→ What is required
Your answer should consist of every line from the records that holds the string "Learn".

Web page caption snippets
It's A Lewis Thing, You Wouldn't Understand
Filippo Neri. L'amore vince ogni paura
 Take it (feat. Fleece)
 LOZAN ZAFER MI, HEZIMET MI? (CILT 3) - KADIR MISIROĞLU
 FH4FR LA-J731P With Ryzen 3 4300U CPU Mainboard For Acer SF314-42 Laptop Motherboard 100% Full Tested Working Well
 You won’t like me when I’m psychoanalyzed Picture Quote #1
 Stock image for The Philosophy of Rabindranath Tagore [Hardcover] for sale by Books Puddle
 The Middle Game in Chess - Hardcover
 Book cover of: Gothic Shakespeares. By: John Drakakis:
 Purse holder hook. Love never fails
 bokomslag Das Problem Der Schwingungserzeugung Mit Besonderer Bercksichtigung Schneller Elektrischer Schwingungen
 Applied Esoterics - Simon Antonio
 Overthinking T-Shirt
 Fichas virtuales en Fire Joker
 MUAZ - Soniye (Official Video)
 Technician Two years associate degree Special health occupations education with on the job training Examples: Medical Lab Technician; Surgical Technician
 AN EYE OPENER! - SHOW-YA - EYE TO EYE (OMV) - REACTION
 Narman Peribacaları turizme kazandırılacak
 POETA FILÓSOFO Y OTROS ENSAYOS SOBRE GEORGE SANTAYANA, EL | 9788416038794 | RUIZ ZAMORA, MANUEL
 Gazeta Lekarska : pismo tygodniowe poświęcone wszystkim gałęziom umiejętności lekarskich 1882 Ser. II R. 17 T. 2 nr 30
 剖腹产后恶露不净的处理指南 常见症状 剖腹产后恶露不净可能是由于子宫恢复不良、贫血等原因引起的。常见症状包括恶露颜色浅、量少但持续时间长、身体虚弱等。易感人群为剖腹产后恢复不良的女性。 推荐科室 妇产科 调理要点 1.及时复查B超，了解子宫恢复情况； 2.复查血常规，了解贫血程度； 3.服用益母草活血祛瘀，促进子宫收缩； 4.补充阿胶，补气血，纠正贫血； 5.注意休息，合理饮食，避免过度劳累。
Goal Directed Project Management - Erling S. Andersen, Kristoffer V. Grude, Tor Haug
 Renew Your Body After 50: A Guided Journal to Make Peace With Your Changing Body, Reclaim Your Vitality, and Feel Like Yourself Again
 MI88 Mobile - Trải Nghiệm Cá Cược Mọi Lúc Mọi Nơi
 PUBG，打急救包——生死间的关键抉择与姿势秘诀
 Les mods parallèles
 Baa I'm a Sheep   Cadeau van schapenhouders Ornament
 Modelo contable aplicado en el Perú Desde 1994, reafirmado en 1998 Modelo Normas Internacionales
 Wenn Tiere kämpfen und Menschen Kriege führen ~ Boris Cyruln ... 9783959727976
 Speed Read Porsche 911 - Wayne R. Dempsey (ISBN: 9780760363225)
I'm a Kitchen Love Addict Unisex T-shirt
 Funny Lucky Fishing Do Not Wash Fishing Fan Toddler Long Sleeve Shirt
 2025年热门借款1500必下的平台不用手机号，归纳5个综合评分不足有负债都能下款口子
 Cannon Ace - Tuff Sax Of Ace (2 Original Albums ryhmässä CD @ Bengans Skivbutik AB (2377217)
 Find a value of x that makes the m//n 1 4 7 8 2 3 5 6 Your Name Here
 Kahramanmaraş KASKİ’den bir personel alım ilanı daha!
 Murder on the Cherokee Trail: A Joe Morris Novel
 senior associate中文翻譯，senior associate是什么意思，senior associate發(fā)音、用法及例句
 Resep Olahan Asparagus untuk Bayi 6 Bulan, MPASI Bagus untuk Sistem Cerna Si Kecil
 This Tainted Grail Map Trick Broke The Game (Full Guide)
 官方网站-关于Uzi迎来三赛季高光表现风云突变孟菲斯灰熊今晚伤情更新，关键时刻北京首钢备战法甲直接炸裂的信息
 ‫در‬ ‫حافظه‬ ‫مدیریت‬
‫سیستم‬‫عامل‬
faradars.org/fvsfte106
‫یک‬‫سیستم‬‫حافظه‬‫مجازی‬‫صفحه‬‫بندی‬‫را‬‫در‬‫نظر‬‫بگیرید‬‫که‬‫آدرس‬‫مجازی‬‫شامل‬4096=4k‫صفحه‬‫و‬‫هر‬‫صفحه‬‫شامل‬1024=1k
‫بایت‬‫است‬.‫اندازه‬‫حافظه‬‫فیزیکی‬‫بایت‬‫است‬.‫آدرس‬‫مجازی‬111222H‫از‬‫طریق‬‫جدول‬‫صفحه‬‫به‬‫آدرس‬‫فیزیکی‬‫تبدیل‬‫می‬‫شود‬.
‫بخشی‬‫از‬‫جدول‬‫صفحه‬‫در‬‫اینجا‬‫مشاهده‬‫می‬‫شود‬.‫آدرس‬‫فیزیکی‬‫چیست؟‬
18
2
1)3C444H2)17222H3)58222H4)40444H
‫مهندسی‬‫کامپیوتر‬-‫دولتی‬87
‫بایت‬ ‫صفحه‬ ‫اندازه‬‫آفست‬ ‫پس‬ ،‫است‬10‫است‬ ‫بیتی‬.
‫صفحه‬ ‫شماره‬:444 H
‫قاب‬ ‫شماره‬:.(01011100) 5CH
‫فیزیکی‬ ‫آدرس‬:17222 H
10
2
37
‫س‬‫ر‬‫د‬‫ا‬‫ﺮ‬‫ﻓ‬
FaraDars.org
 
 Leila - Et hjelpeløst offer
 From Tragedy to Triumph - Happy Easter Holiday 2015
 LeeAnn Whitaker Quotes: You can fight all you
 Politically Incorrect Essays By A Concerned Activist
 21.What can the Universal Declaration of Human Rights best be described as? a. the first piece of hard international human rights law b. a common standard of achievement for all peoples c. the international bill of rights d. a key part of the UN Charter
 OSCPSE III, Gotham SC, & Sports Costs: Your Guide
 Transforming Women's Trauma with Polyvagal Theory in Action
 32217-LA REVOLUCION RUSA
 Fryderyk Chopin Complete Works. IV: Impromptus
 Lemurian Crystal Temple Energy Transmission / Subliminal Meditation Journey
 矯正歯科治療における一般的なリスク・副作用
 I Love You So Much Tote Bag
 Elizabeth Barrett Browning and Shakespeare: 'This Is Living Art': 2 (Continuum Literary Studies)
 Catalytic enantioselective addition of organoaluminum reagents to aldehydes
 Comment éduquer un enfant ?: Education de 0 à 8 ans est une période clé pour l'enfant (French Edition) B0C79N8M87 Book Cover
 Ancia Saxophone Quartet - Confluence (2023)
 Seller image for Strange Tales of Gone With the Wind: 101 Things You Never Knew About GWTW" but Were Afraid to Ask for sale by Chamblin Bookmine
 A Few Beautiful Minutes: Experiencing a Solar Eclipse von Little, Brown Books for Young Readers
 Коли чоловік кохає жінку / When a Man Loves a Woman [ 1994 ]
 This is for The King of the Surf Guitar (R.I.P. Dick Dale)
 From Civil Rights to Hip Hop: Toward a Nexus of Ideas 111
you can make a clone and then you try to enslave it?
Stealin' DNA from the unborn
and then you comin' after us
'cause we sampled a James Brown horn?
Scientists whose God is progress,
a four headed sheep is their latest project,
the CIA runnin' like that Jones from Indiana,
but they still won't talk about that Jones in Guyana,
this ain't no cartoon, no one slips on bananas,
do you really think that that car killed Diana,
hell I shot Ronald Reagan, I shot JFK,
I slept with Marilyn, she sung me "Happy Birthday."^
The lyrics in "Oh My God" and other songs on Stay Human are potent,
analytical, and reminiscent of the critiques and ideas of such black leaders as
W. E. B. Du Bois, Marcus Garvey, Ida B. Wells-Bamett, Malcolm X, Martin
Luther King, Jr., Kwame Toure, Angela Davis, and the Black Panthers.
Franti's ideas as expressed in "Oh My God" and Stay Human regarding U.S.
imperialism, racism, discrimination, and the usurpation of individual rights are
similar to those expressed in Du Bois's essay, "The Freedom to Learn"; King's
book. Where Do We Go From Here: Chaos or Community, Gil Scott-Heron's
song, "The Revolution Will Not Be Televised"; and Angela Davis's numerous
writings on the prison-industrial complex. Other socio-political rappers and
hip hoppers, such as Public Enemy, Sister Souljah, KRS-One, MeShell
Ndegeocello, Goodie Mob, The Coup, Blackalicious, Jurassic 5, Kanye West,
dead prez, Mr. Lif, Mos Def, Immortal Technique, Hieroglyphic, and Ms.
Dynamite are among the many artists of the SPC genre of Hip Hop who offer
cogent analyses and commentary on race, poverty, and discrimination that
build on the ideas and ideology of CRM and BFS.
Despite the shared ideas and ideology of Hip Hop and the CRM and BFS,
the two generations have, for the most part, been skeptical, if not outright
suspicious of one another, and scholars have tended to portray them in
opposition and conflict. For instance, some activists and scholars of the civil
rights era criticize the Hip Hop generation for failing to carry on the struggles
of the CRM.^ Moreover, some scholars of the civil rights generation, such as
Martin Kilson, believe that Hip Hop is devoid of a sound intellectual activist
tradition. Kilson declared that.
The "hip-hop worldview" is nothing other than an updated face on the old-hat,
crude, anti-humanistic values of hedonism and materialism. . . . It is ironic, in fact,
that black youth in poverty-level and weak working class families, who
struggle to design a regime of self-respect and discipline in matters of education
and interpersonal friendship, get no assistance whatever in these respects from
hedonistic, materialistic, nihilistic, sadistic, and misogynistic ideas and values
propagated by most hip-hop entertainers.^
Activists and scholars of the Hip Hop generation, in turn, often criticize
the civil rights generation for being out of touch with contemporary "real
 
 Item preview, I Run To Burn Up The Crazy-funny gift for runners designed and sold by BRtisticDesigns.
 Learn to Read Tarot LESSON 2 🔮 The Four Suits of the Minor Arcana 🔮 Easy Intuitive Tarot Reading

→ Task response
similar to those expressed in Du Bois's essay, "The Freedom to Learn"; King's
 Learn to Read Tarot LESSON 2 🔮 The Four Suits of the Minor Arcana 🔮 Easy Intuitive Tarot Reading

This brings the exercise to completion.